I don’t usually quote the Vatican approvingly, but both the Vatican and its evil twin, the U.S. Conference of Catholic Bishops, say that getting vaccinated is not only acceptable, it is an act of charity and a duty toward others.

Here’s what the Vatican’s Congregation for the Doctrine of the Faith said in December about COVID-19 vaccines:

The morality of vaccination depends not only on the duty to protect one’s own health but also on the duty to pursue the common good. In the absence of other means to stop or even prevent the epidemic, the common good may recommend vaccination, especially to protect the weakest and most exposed.

A December statement by the U.S. Conference of Catholic Bishops said that getting vaccinated “ought to be understood as an act of charity toward the other members of our community.”

Similarly in Islam, barrister Sadakat Kadri wrote in The Guardian, “As sharia scholars have said many times, vaccination isn’t merely a permissible choice for Muslims. Because it helps to protect others, it is what they call a fard kifaya—a collective obligation.”

Kadri noted that COVID-19 vaccines have been approved by the British Islamic Medical Association, the Assembly of Muslim Jurists of America, and the grand mufti of Saudi Arabia.

A statement issued in January by the Greek Orthodox Archdiocese of the United States urged congregants to consult their personal doctor for advice on whether to be vaccinated. “We trust that whatever course of action you and your doctor decide upon will also benefit the rest of the community.” Basically, follow the science.

But the fact that all major religions, including the ones listed above, approve of vaccinations may not be the last word. The mothers in the lawsuit are claiming objections based on “sincerely held religious beliefs,” regardless of what their faith actually tells them.

There are those magic words again.

In the infamous Supreme Court decision Burwell vs. Hobby Lobby, the court allowed Hobby Lobby to ignore the Obamacare requirement that contraceptives be covered in employee health insurance.
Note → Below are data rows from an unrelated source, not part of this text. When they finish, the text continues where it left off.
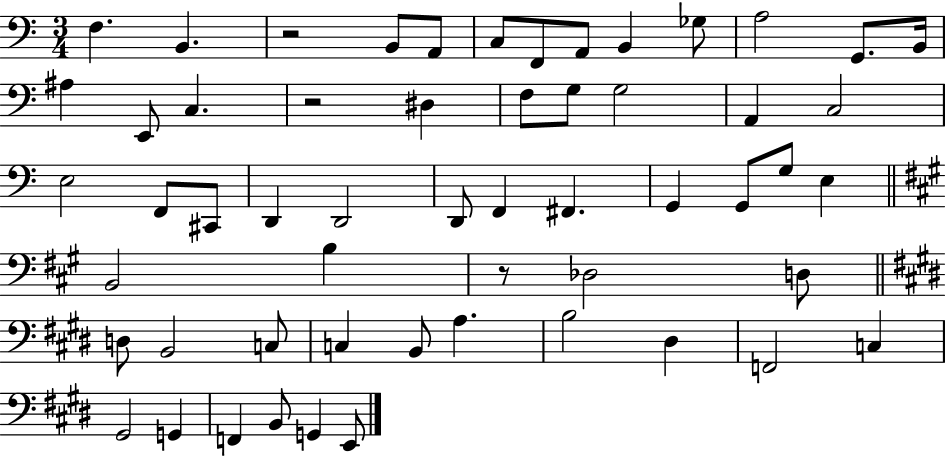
{
  \clef bass
  \numericTimeSignature
  \time 3/4
  \key c \major
  f4. b,4. | r2 b,8 a,8 | c8 f,8 a,8 b,4 ges8 | a2 g,8. b,16 | \break ais4 e,8 c4. | r2 dis4 | f8 g8 g2 | a,4 c2 | \break e2 f,8 cis,8 | d,4 d,2 | d,8 f,4 fis,4. | g,4 g,8 g8 e4 | \break \bar "||" \break \key a \major b,2 b4 | r8 des2 d8 | \bar "||" \break \key e \major d8 b,2 c8 | c4 b,8 a4. | b2 dis4 | f,2 c4 | \break gis,2 g,4 | f,4 b,8 g,4 e,8 | \bar "|."
}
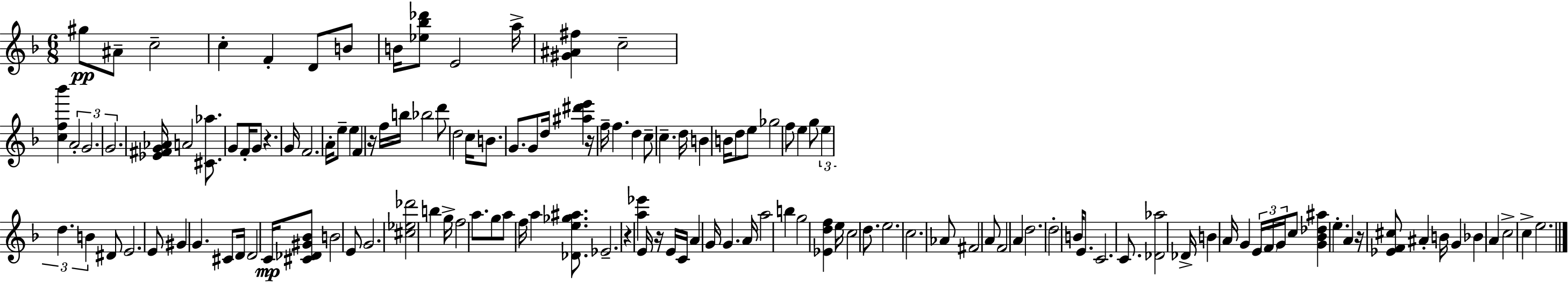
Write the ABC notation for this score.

X:1
T:Untitled
M:6/8
L:1/4
K:F
^g/2 ^A/2 c2 c F D/2 B/2 B/4 [_e_b_d']/2 E2 a/4 [^G^A^f] c2 [cf_b'] A2 G2 G2 [_E^FG_A]/4 A2 [^C_a]/2 G/2 F/4 G/2 z G/4 F2 A/4 e/2 e F z/4 f/4 b/4 _b2 d'/2 d2 c/4 B/2 G/2 G/2 d/4 [^a^d'e'] z/4 f/4 f d c/2 c d/4 B B/4 d/2 e/2 _g2 f/2 e g/2 e d B ^D/2 E2 E/2 ^G G ^C/2 D/4 D2 C/4 [^C_D^G_B]/2 B2 E/2 G2 [^c_e_d']2 b g/4 f2 a/2 g/2 a/2 f/4 a [_De_g^a]/2 _E2 z [a_e'] E/4 z/4 E/4 C/4 A G/4 G A/4 a2 b g2 [_Edf] e/4 c2 d/2 e2 c2 _A/2 ^F2 A/2 F2 A d2 d2 B/4 E/2 C2 C/2 [_D_a]2 _D/4 B A/4 G E/4 F/4 G/4 c/2 [G_B_d^a] e A z/4 [_EF^c]/2 ^A B/4 G _B A c2 c e2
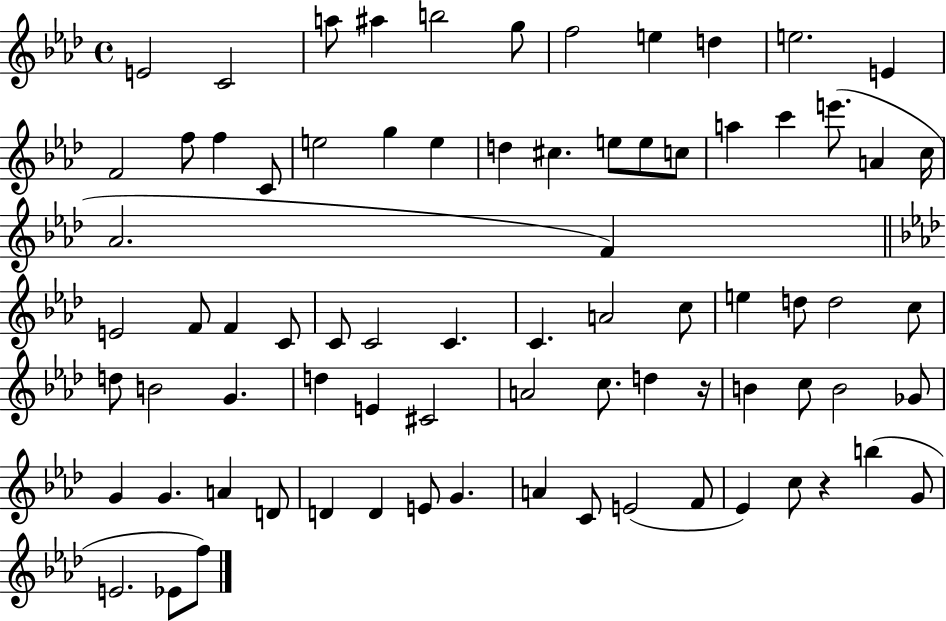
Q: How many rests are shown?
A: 2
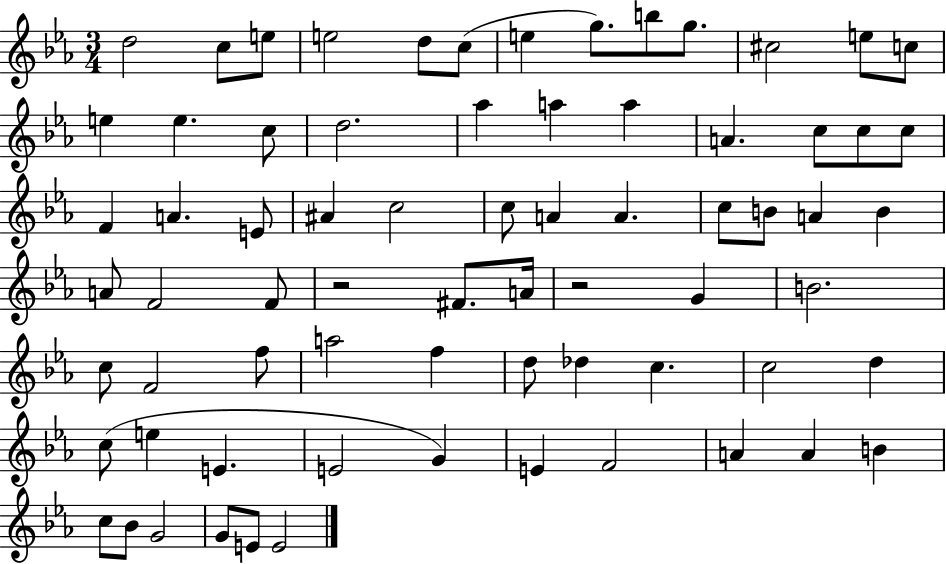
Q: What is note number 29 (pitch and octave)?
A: C5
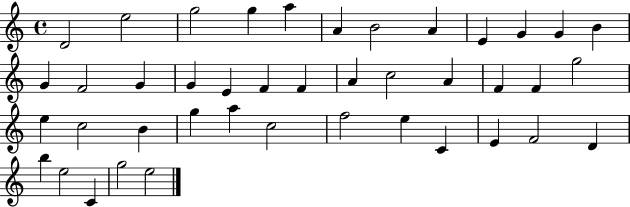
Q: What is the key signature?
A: C major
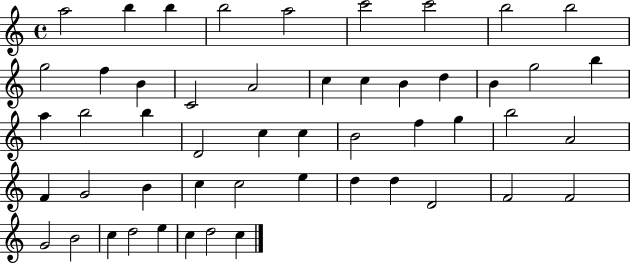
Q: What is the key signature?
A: C major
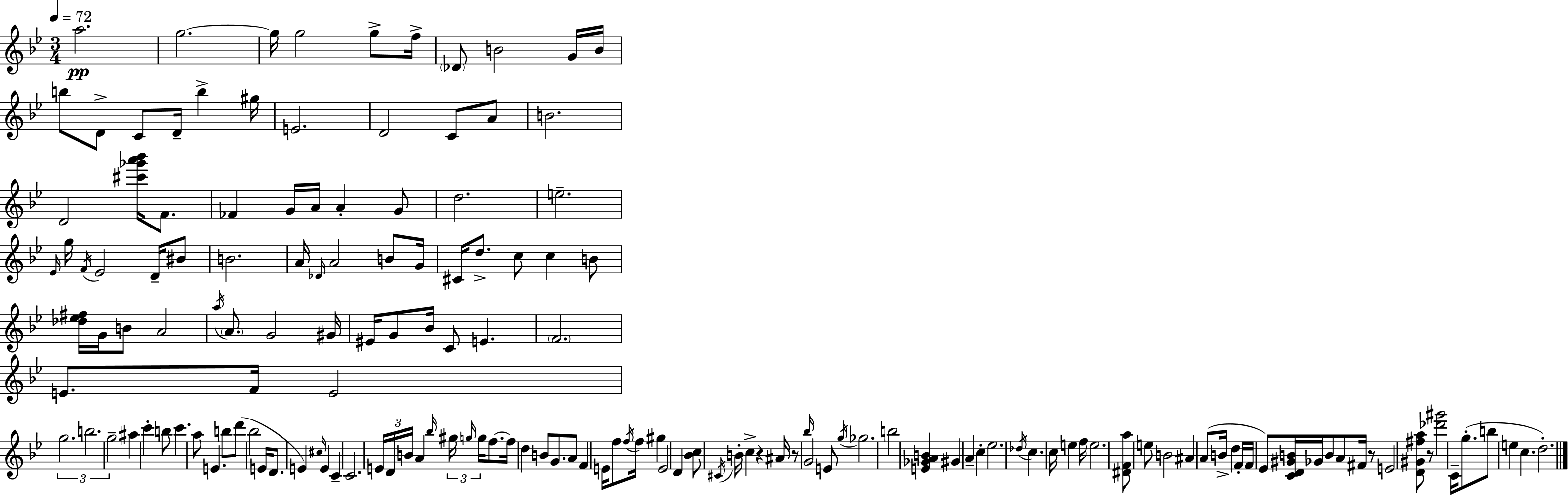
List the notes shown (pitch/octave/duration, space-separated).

A5/h. G5/h. G5/s G5/h G5/e F5/s Db4/e B4/h G4/s B4/s B5/e D4/e C4/e D4/s B5/q G#5/s E4/h. D4/h C4/e A4/e B4/h. D4/h [C#6,Gb6,A6,Bb6]/s F4/e. FES4/q G4/s A4/s A4/q G4/e D5/h. E5/h. Eb4/s G5/s F4/s Eb4/h D4/s BIS4/e B4/h. A4/s Db4/s A4/h B4/e G4/s C#4/s D5/e. C5/e C5/q B4/e [Db5,Eb5,F#5]/s G4/s B4/e A4/h A5/s A4/e. G4/h G#4/s EIS4/s G4/e Bb4/s C4/e E4/q. F4/h. E4/e. F4/s E4/h G5/h. B5/h. G5/h A#5/q C6/q B5/e C6/q. A5/e E4/q. B5/e D6/e Bb5/h E4/s D4/e. E4/q C#5/s E4/q C4/q C4/h. E4/s D4/s B4/s A4/q Bb5/s G#5/s G5/s G5/s F5/e. F5/s D5/q B4/e G4/e. A4/e F4/q E4/s F5/e F5/s F5/s G#5/q E4/h D4/q [Bb4,C5]/e C#4/s B4/s C5/q R/q A#4/s R/e Bb5/s G4/h E4/e G5/s Gb5/h. B5/h [E4,Gb4,A4,B4]/q G#4/q A4/q C5/q Eb5/h. Db5/s C5/q. C5/s E5/q F5/s E5/h. [D#4,F4,A5]/e E5/e B4/h A#4/q A4/e B4/s D5/q F4/s F4/s Eb4/e [C4,D4,G#4,B4]/s Gb4/s B4/e A4/e F#4/s R/e E4/h [D4,G#4,F#5,A5]/e R/e [Db6,G#6]/h C4/s G5/e. B5/e E5/q C5/q. D5/h.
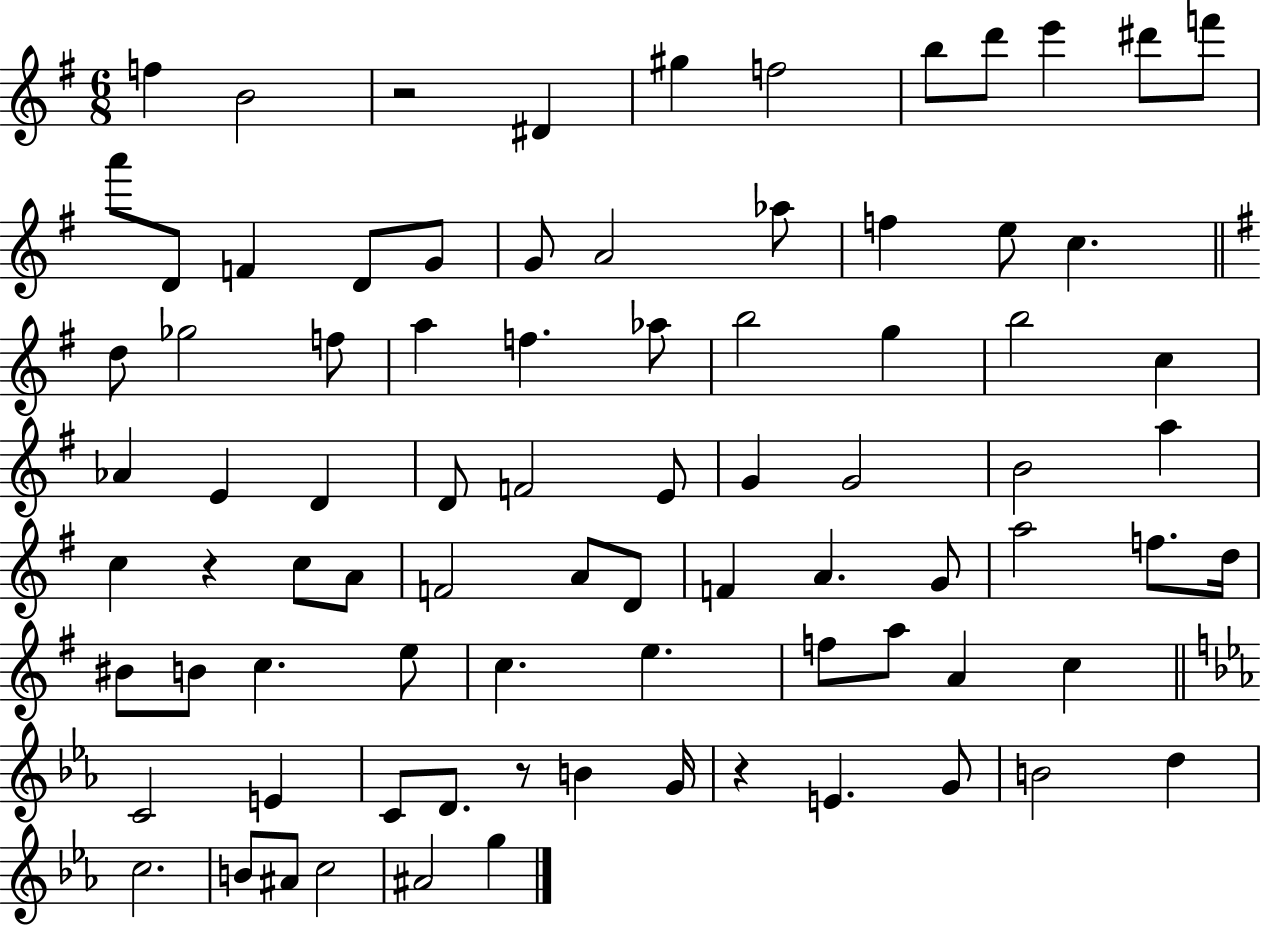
{
  \clef treble
  \numericTimeSignature
  \time 6/8
  \key g \major
  f''4 b'2 | r2 dis'4 | gis''4 f''2 | b''8 d'''8 e'''4 dis'''8 f'''8 | \break a'''8 d'8 f'4 d'8 g'8 | g'8 a'2 aes''8 | f''4 e''8 c''4. | \bar "||" \break \key e \minor d''8 ges''2 f''8 | a''4 f''4. aes''8 | b''2 g''4 | b''2 c''4 | \break aes'4 e'4 d'4 | d'8 f'2 e'8 | g'4 g'2 | b'2 a''4 | \break c''4 r4 c''8 a'8 | f'2 a'8 d'8 | f'4 a'4. g'8 | a''2 f''8. d''16 | \break bis'8 b'8 c''4. e''8 | c''4. e''4. | f''8 a''8 a'4 c''4 | \bar "||" \break \key ees \major c'2 e'4 | c'8 d'8. r8 b'4 g'16 | r4 e'4. g'8 | b'2 d''4 | \break c''2. | b'8 ais'8 c''2 | ais'2 g''4 | \bar "|."
}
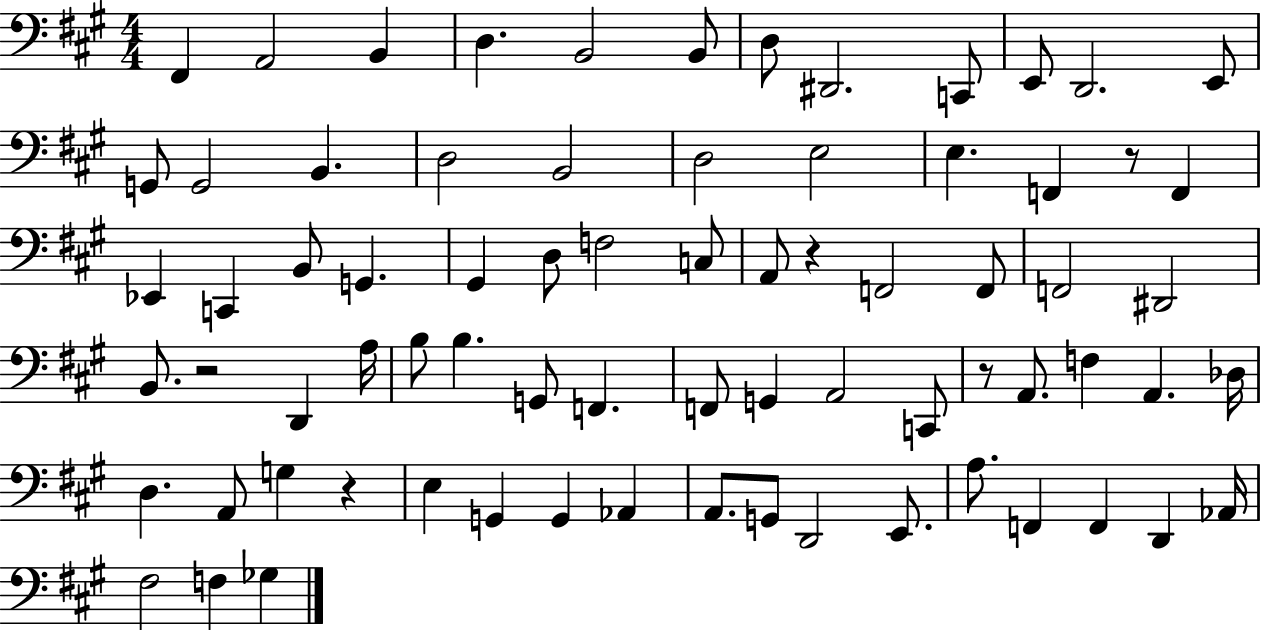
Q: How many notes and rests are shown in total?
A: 74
The reason was Hobby Lobby’s sincerely held religious beliefs that some of the contraceptives were abortifacients. It didn’t matter that they weren’t. Because science didn’t matter, only beliefs did.

We may be at a point where simply claiming sincerely held religious beliefs makes you a law unto yourself. Your beliefs can put other people, including school children, at deadly risk. Your beliefs can get the science wrong. Your beliefs can be at loggerheads with your faith leaders. Your beliefs can be applied inconsistently and pop in and out depending on the circumstances. And yet, you still might win.

It will be a terrible result for society, but it’s a future that seems more likely than not.

Robyn E. Blumner

Robyn E. Blumner is the CEO of the Center for Inquiry and the executive director of the Richard Dawkins Foundation for Reason &, Science. She was a nationally syndicated columnist and editorial writer for the Tampa Bay Times (formerly the St. Petersburg Times) for sixteen years.